О языке стоит немного поразмышлять, ведь это, возможно, лучшее свидетельство того, что в самом нашем представлении о свободе есть базовый парадокс. С одной стороны, правила по природе своей принуждают. Нормы речи, правила этикета и грамматические предписания – все они ограничивают то, что мы можем сказать, а чего не можем. Неслучайно, что один из главных образов угнетения, засевший у всех нас в голове, – это учительница, которая бьет ребенка по пальцам за какую-нибудь грамматическую ошибку. Но в то же время, если бы не было общих для всех представлений любого вида – ни семантики, ни синтаксиса, ни фонетики, – мы бы просто бессвязно лепетали и не были бы способны общаться друг с другом. Разумеется, в таких обстоятельствах ни у кого из нас не было бы свободы что-либо делать. Поэтому в какой-то момент принуждающие правила берут верх над разрешающими, даже если невозможно определить, когда именно это происходит. Поэтому свобода представляет собой напряжение между свободной забавой человеческого творчества и правилами, что оно постоянно порождает. И именно это всегда наблюдают лингвисты. Нет языка без грамматики. Но нет и языка, в котором всё, в том числе и грамматика, не меняется постоянно.

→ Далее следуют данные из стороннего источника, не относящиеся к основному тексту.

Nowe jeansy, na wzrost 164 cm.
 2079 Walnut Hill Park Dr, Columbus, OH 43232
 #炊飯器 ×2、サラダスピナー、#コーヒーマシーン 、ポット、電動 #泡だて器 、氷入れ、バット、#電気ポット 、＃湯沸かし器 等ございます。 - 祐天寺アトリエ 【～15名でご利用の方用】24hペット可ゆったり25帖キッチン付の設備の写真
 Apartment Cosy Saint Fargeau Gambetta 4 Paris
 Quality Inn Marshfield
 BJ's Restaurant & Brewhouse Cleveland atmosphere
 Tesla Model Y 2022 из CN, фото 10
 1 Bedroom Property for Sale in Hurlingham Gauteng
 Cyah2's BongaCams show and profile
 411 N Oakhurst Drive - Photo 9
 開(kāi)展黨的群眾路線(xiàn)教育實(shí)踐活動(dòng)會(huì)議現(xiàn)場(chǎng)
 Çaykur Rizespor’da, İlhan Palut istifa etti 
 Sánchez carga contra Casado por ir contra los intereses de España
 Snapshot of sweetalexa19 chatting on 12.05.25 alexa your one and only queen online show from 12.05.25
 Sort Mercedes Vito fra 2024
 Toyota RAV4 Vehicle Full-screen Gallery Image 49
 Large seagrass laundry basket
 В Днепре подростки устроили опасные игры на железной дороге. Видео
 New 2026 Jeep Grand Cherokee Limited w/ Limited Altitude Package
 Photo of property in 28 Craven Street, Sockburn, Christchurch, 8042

Мы редко спрашиваем себя о причинах этого. Почему языки все время преображаются? Довольно просто понять, почему у нас должны быть договоренности относительно грамматики и словарного запаса, чтобы иметь возможность говорить друг с другом. Но если язык нам нужен исключительно для этого, допустимо предположить, что, создав грамматику и словарный запас, отвечающие их целям, определенное количество носителей языка будет просто придерживаться их, вероятно меняя словарный запас (если появляется свежая тема для обсуждения – новая тенденция или изобретение, импортный овощ), но оставляя все остальное неизменным. На самом деле такого никогда не происходит. Нам не известен ни один зафиксированный пример языка, который в течение, скажем, столетия, не менялся ни по звучанию, ни по структуре169. Это справедливо даже для языков наиболее «традиционных» обществ; это происходит даже там, где были созданы сложные институциональные структуры вроде средних школ или Французской академии для того, чтобы этого не происходило. Бесспорно, отчасти это результат откровенного бунтовства (молодежь пытается отмежеваться от старших поколений, например), но трудно не прийти к выводу о том, что в действительности мы здесь имеем дело с принципом забавы в самом его чистом виде. Вне зависимости от того, владеют ли люди языками абу-арапеш, хопи или норвежским, им становится скучно говорить все время одинаково. Они всегда будут хотя бы чуть-чуть играть с языком. И эта забава постоянно будет иметь совокупный эффект.